Parole contre parole, personne ne peut être certain de ce qui s’est dit au Pavillon Ledoyen, sauf les participants au repas. Il est toutefois instructif de retracer les épisodes du feuilleton. Il se peut qu’un candidat à l’Elysée, et amateur de course automobile, soit à ce point ulcéré d’avoir manqué la présidence de l’UMP et d’être relégué à la troisième place du concours, qu’il n’hésite plus à faire flèche de tout bois contre son ancien et, horreur, peut-être futur président. Dans ce cas, le bras droit de Hollande, serait non seulement un menteur, mais également un manipulateur, puisqu’en confirmant, après les avoir démentis, les propos enregistrés, il en ferait porter la responsabilité à un membre de l’opposition afin de jeter la discorde dans les rangs de celle-ci. Si la conversation n’a pas abordé le sujet, comme l’affirme, la main sur le coeur, celui qui est accusé de trahison, alors c’est notre distingué chevalier des cercles de la technocratie qui se révélerait un personnage douteux, chargé par un cabinet noir d’envoyer des boules puantes dans le camp d’en face. Comment concevoir une pareille vilenie au sommet de la République ? C’est en définitive son auteur qui est le plus atteint et dont l’UMP, réunie, offusquée, atteinte dans un honneur qu’on sait sans tâche, demande la tête en guise de réparation. Elle en profite même pour protéger la victime du complot, celui qu’on a voulu injustement accuser de traîtrise, comme si ce garçon pouvait commettre de tels méfaits. En somme, en premier lieu, un membre de l’UMP aurait essayé d’en dégommer un autre, par le truchement du camp d’en face. Celui-ci en profite pour susciter la zizanie dans le camp ennemi et atteindre d’un seul coup, les deux têtes de l’ancien exécutif. La balle ricoche sur l’auteur des indiscrétions et sur la Présidence elle-même. La proie initiale devient le bénéficiaire de l’opération : victime d’un acharnement judiciaire téléguidé par un Président honni, elle est néanmoins magnanime à l’égard de ceux qui l’auraient peut-être trahie et peut regagner la Présidence de l’UMP, avec une image moins altérée et un parti plus rassemblé.
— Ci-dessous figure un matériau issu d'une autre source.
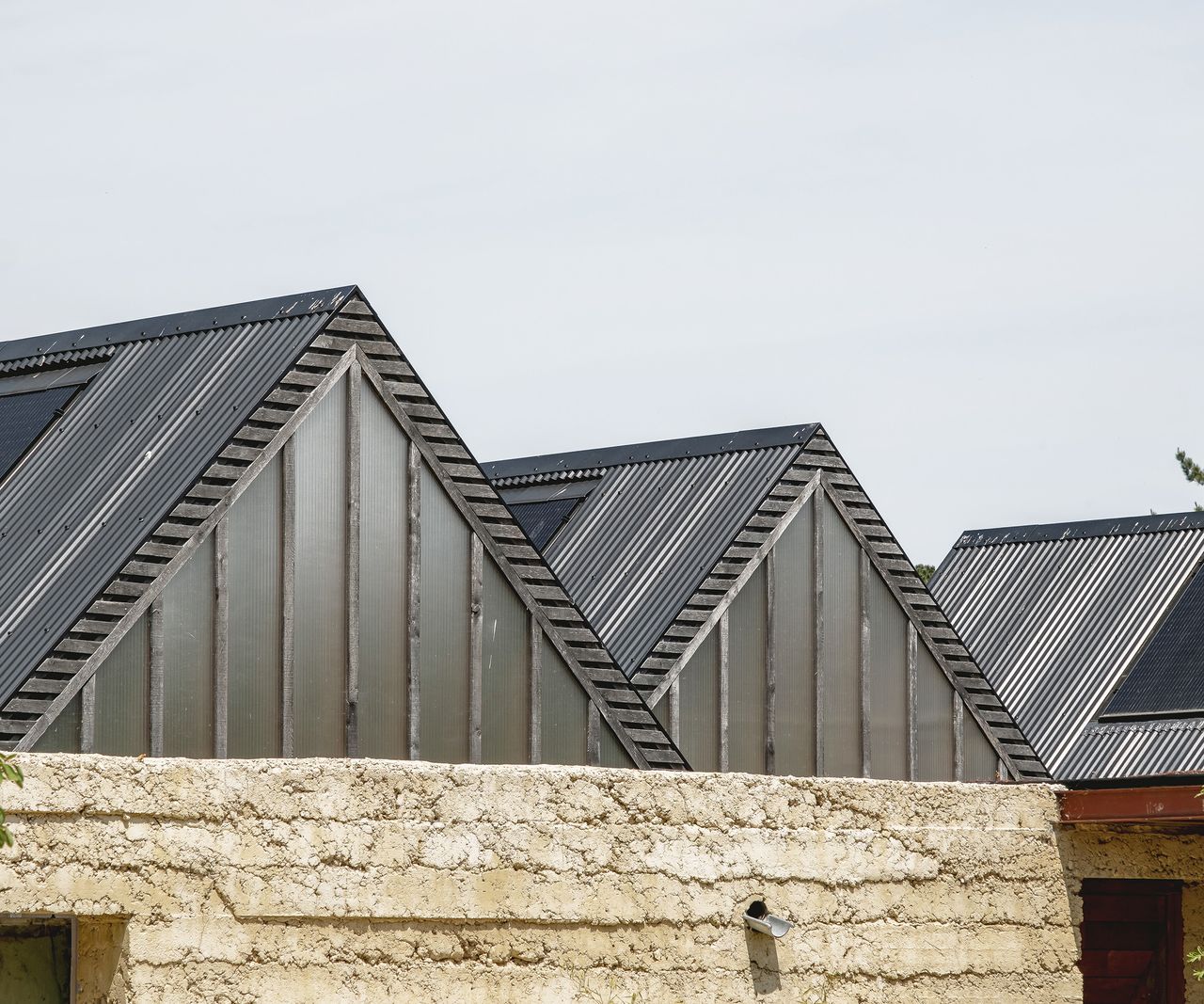 Three pitched roofs in a row made of black tin with solar panels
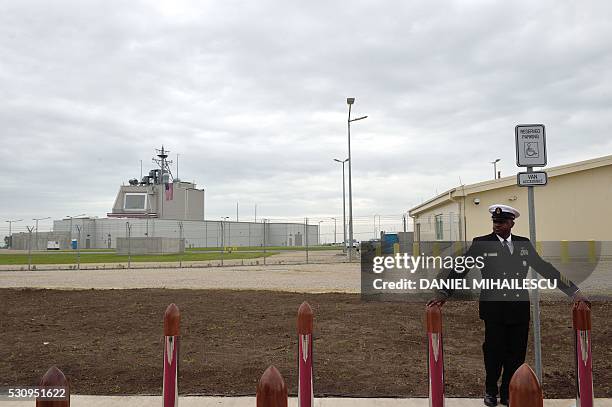 Army personnel stands at the red carpet ahead an inauguration ceremony of the US anti-missile station Aegis Ashore Romania at the military base in...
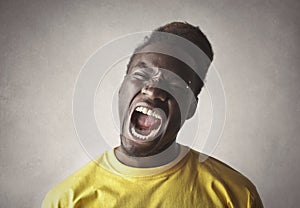 Portrait of an african man screaming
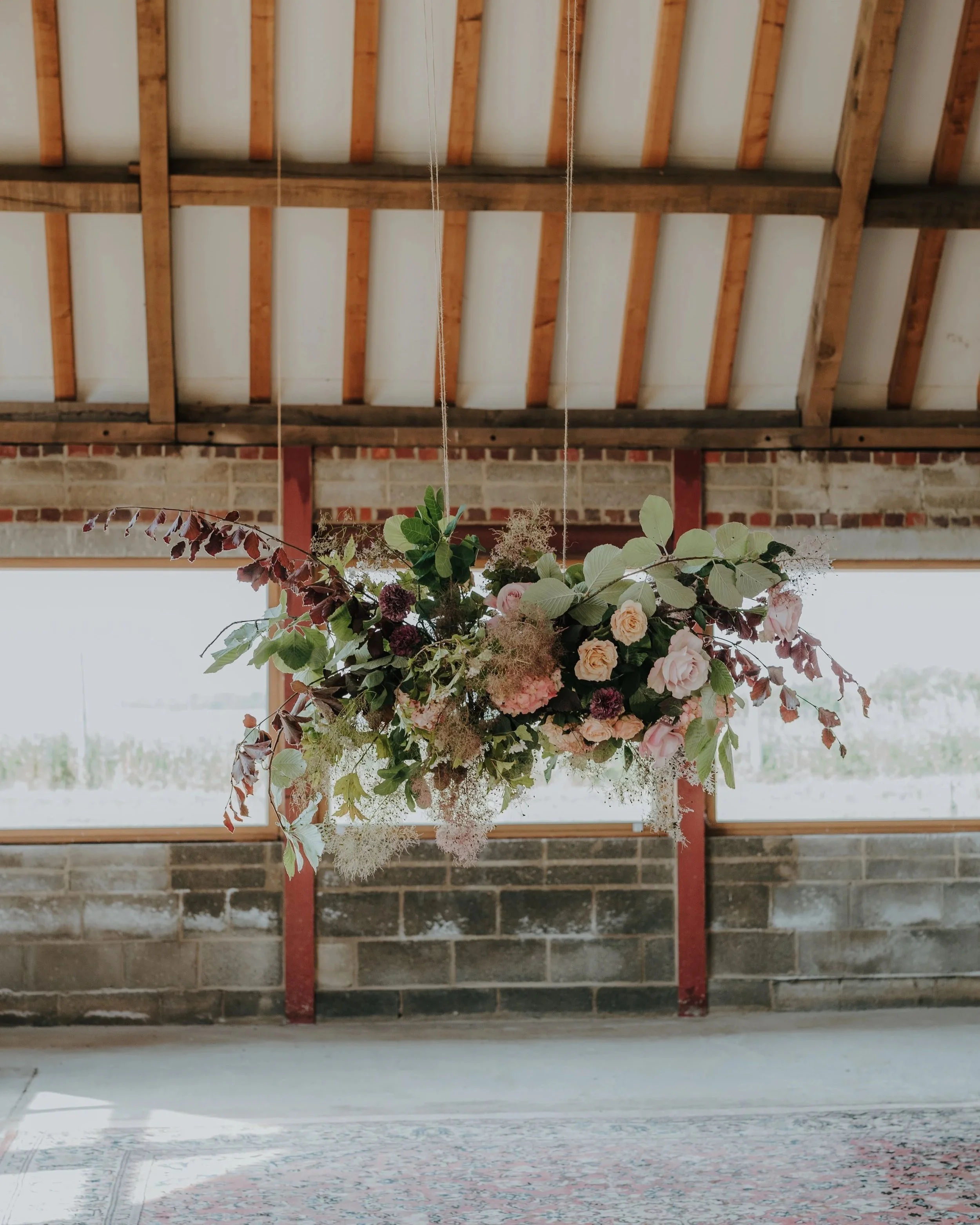 A hanging floral arrangement of assorted pink roses, green leaves, and other flowers in front of a high ceiling with exposed wooden beams and a brick wall.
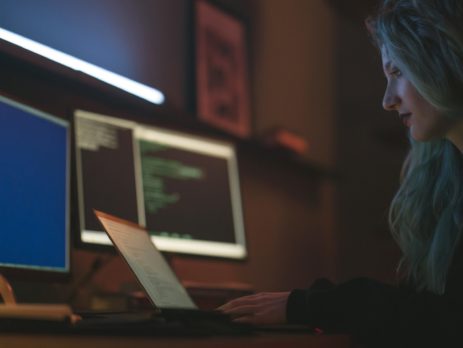 Free Side View of a Woman Using a Laptop Stock Photo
Pour quelqu’un comme moi, qui ai fréquenté ce beau monde, sans jamais lui appartenir, aucune hypothèse, même la pire ne doit être écartée. La seule révélation de cette affaire est que la plupart des gens qui dirigent notre pays, et notamment ceux qui sont évoqués ici, n’ont pas les qualités pour le faire. Le beau linge énarchique a peut-être voulu que la famille UMP lave publiquement son linge sale. Or, ce n’est pas le linge qu’il faut changer, mais ceux qui le portent.
3 commentaires
Pendant que cette sombre histoire occupe le devant de la scène, le pays continue à s’enfoncer.
Peut-on encore de nos jours être “propre et honnête” pour réussir dans le monde politique ? Si la réponse est non,c’est démoralisant si la réponse est oui….quel courage !
Je dois avouer que je ne comprends pas pourquoi on s’étonne des manoeuvres de Fillon contre Sarkozy avec l’appui d’un haut fonctionnaire qui a mangé à tous les râteliers.
C’est une belle illustration que l’UMPS existe bien et fonctionne à plein régime y compris quand il s’agit de nuire à quelqu’un de leur propre camp. On voit en plein jour un exemple de saloperie que peuvent se faire ces gens portant costumes de prix et qui donnent des leçons de morale et des cours de maintien à tout le monde.
Cela prouve surtout que la Justice ou au moins une partie d’entre elle, a perdu sa neutralité, son indépendance, sa dignité et son prestige. A force de proximité et de collusion avec le pouvoir politique, cette institution s’est politisée, rend une justice politique et se dirige donc vers son naufrage.